3. Isolating weight-processing bugs

If no_processing=True matches HF but enable_compatibility_mode() (default) drifts:

  • The bug is in weight processing, not the forward pass.
  • Bisect by toggling individual flags: fold_ln, center_writing_weights, center_unembed, fold_value_biases. The first one that introduces drift is the culprit.
  • See compatibility_mode.md §"What each flag does".

4. Comparing against boot_transformers for the same model

If Bridge ≠ HF on a model that already passes verify_models, your adapter likely diverges from the canonical Bridge load configuration. Quick sanity check:

import torch
from transformer_lens.model_bridge.bridge import TransformerBridge
from transformers import AutoModelForCausalLM

ref = TransformerBridge.boot_transformers(model_name, device="cpu", dtype=torch.float32)
hf = AutoModelForCausalLM.from_pretrained(
    model_name, torch_dtype=torch.float32, attn_implementation="eager"
)

ids = torch.tensor([[hf.config.bos_token_id or 1]])
ref_logits = ref(ids)
hf_logits = hf(ids).logits

print((ref_logits - hf_logits).abs().max())  # should be < 1e-4 in fp32

If boot_transformers itself disagrees with HF on the same model, the issue is upstream of your adapter (probably a _HF_PASSTHROUGH_ATTRS gap in transformer_lens/model_bridge/sources/_bridge_builder.py, or a non-standard HF config attribute that the adapter never propagated onto self.cfg). HF raw config attributes are invisible to TL-side consumers unless explicitly mirrored. Common attributes that need propagation: final_logit_softcapping (Gemma2/3), attn_logit_softcapping (Gemma2/3), query_pre_attn_scalar (Gemma2/3), sliding_window (Mistral, Qwen2, Gemma2), layer_types (hybrid models), and non-standard RMSNorm eps attribute names (Llama uses variance_epsilon).

5. Bisecting verify_models phase failures

verify_models reports phase-by-phase.

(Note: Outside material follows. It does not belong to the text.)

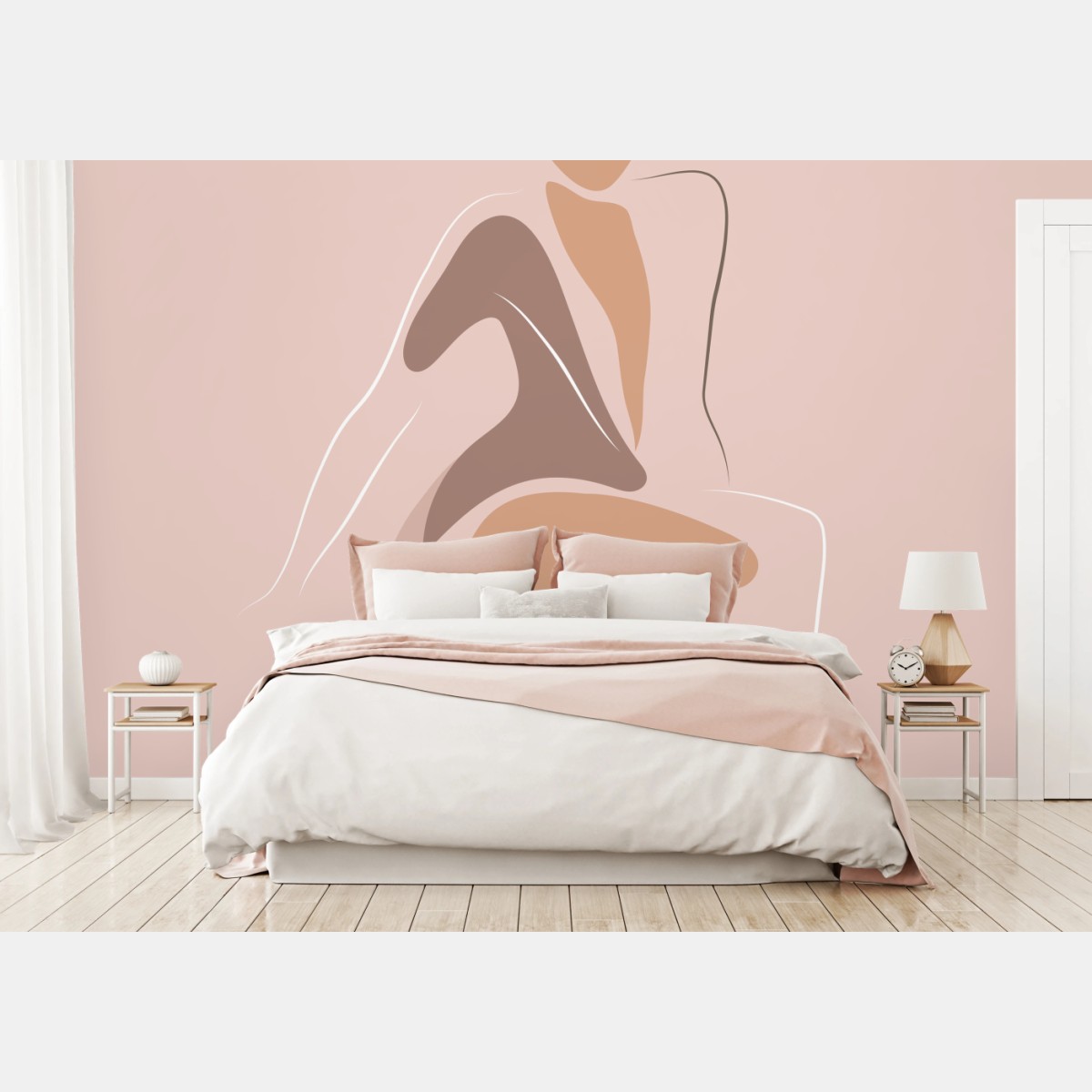 Wall mural elegant contour in blush • Wallissimo®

Map the failing phase to the bisection focus:

Phase What failed Start here
1 Forward correctness vs HF Steps 1–4 above; this is the standard parity workflow
2 Hook firing / gradient flow The hook isn't registered, or it's firing on a tensor that's been replaced (in-place op). Grep adapter for in-place ops on hookable tensors.
3 Weight processing Run with no_processing=True to isolate. Then bisect compat-mode flags per §3 above.
4 Text-generation quality Usually tokenizer policy: default_prepend_bos, padding side, EOS handling, chat-template wiring. Tokenizer behaviour is per-model, not per-architecture — check the target's tokenizer_config.json, don't inherit from a sibling. Less often, a generation-loop divergence; rerun with --no-ht-reference to skip HT comparison.
7 Multimodal alignment Vision encoder output drift or projection mismatch. Llava / Gemma3-multimodal only.
8 Audio HuBERT only; check CTC head and audio-feature alignment.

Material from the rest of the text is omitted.